Ach ja, für dich hörte es sich viellecht so an, als ob ich nicht angeln würde, aber das Gegenteil ist der Fall, ich bin absoluter Angelextremist und weiss durchaus, was ein "normaler" Fang ist. Selbst, wenn ich mit meinem Motorboot (30 ps, Echolot, GPS, blablabla) unterwegs bin fange ich ganz selten bis nie wirklich richtig viel Dorsch.

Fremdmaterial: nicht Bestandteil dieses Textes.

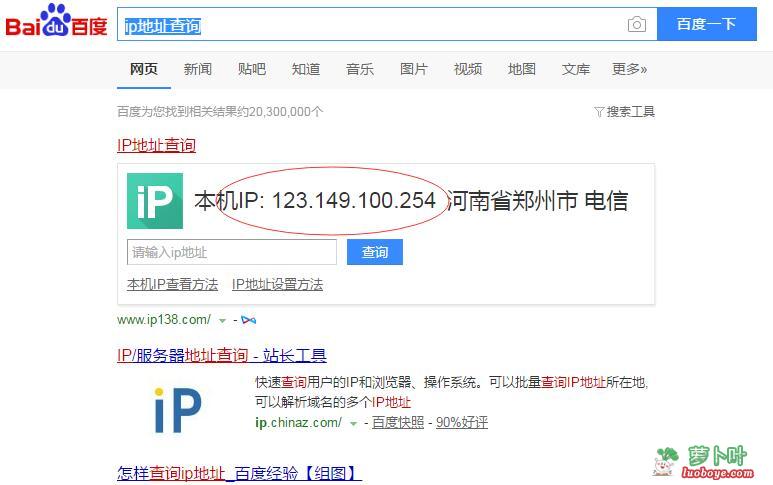 出口 ip 查询法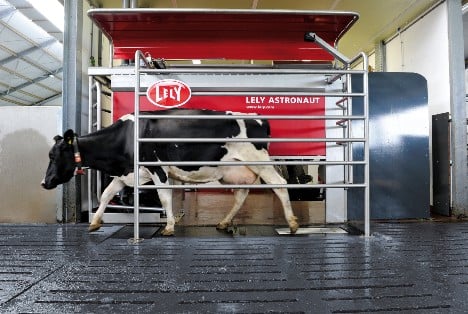 Dairy cow exiting Lely Astronaut A4 milking machine.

Ich gucke mal, ob ich die Fagebögen online finde.

Gruss Jomel


----------



## esox_105 (23. Februar 2006)

*AW: Wo laichen denn die "Küstendorsche"?*

Hier findest du den Text von Norbert Schulz:

http://www.bfa-fish.de/ior/ior-d/veroeffent_04.html


----------



## gegenstrom (23. Februar 2006)

*AW: Wo laichen denn die "Küstendorsche"?*

Hallo Laky,

jo, aber schwäääre Kost.

Gruß Frank


----------



## Laky (23. Februar 2006)

*AW: Wo laichen denn die "Küstendorsche"?*

Hallo


> jo, aber schwäääre Kost.


Stimmt |supergri |supergri |supergri 
Aber dafür hat man z.B. die Information über den Vorschlag, zur EU VERORDNUNG "zur Wiederauffüllung des Bestands des Europäischen Aals vom 06.10.05", die jetzt im AB diskutiert wird, schon am 07.10.05.|rolleyes


----------



## gegenstrom (24. Februar 2006)

*AW: Wo laichen denn die "Küstendorsche"?*

Hallo,

wegen der Bögen habe ich mal an bfa gemailt, (scheint ja sonst auch keiner  den Download zu finden), und auch noch mal die Story meiner zwei Dorsche zum Besten gegeben. Bin gespannt ob und wann zurückgemailt wird. Vielleicht passiert ja was.

Laky,
Aal;+  Die sind doch ekelig. Bei mir hat sich zum Glück bisher nur einer verirrt, der hat sich immer um meinen Arm gewickelt, mein Sohn mußte den losmachen. Seit dem alles ausser Aal.:v  (Der eine Smiley lachte mich an,wollte ich schon immer mal setzen, ich hoffe du nimmst es mit Humor) Also die Aalgeschichte auf dem Link hat mich jetzt nicht so interessiert aber es soll ja Leute geben die den als Zielfisch haben. 

Gruß Frank


----------



## sunny (24. Februar 2006)

*AW: Wo laichen denn die "Küstendorsche"?*

Ich wollte mich ja eigentlich hier nicht mehr melden, weil ich davon ausgegangen bin, dass es sich bei diesem Thread um eine "Ente" handelt.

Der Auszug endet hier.